[Collected data]
------------------------------------

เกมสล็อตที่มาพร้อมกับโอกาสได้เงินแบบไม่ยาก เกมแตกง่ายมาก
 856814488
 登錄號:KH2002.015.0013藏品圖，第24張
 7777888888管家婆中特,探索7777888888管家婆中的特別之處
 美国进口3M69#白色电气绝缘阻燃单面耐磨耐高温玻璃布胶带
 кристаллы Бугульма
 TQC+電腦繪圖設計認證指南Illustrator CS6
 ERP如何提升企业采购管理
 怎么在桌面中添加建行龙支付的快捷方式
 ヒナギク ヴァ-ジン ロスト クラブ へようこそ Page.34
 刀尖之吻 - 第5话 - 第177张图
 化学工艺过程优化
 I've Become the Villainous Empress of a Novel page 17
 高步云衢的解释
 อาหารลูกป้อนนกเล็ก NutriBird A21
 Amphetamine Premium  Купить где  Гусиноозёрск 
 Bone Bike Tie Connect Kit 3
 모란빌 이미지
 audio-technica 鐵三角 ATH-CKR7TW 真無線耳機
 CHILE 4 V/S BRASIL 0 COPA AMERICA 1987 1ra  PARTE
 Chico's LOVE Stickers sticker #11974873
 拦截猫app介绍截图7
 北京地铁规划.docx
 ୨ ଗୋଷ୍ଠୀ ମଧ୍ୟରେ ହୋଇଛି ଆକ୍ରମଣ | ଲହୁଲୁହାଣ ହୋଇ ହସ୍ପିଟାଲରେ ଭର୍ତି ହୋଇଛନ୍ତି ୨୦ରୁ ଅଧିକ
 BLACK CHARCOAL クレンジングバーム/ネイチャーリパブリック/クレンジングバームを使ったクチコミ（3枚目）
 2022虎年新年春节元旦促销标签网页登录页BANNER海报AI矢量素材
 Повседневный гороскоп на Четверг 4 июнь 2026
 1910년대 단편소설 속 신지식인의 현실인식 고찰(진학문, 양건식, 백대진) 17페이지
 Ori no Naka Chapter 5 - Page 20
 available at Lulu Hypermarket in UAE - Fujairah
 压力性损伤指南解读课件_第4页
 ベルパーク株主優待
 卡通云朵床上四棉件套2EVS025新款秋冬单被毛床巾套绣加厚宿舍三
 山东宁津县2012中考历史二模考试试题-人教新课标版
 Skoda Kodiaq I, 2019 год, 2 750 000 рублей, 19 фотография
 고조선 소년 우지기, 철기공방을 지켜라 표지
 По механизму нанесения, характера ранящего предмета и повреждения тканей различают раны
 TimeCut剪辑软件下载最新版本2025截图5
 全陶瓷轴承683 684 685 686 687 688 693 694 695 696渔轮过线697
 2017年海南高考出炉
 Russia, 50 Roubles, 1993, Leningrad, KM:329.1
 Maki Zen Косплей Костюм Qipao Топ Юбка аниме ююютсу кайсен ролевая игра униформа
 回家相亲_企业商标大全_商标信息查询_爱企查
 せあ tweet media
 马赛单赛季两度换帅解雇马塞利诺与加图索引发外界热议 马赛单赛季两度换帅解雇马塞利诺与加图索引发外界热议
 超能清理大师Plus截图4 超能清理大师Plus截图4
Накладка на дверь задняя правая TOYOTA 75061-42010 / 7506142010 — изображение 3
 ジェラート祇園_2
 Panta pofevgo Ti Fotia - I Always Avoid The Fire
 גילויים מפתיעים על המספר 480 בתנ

------------------------------------

=== YOUR ASSIGNMENT ===
Reproduce the lines above, beginning at the line with "1910년대 단편소설 속" and stopping after the line with "超能清理大师Plus截图4 超能清理大师Plus截图4", exactly as they are.

=== SOLUTION ===
 1910년대 단편소설 속 신지식인의 현실인식 고찰(진학문, 양건식, 백대진) 17페이지
 Ori no Naka Chapter 5 - Page 20
 available at Lulu Hypermarket in UAE - Fujairah
 压力性损伤指南解读课件_第4页
 ベルパーク株主優待
 卡通云朵床上四棉件套2EVS025新款秋冬单被毛床巾套绣加厚宿舍三
 山东宁津县2012中考历史二模考试试题-人教新课标版
 Skoda Kodiaq I, 2019 год, 2 750 000 рублей, 19 фотография
 고조선 소년 우지기, 철기공방을 지켜라 표지
 По механизму нанесения, характера ранящего предмета и повреждения тканей различают раны
 TimeCut剪辑软件下载最新版本2025截图5
 全陶瓷轴承683 684 685 686 687 688 693 694 695 696渔轮过线697
 2017年海南高考出炉
 Russia, 50 Roubles, 1993, Leningrad, KM:329.1
 Maki Zen Косплей Костюм Qipao Топ Юбка аниме ююютсу кайсен ролевая игра униформа
 回家相亲_企业商标大全_商标信息查询_爱企查
 せあ tweet media
 马赛单赛季两度换帅解雇马塞利诺与加图索引发外界热议 马赛单赛季两度换帅解雇马塞利诺与加图索引发外界热议
 超能清理大师Plus截图4 超能清理大师Plus截图4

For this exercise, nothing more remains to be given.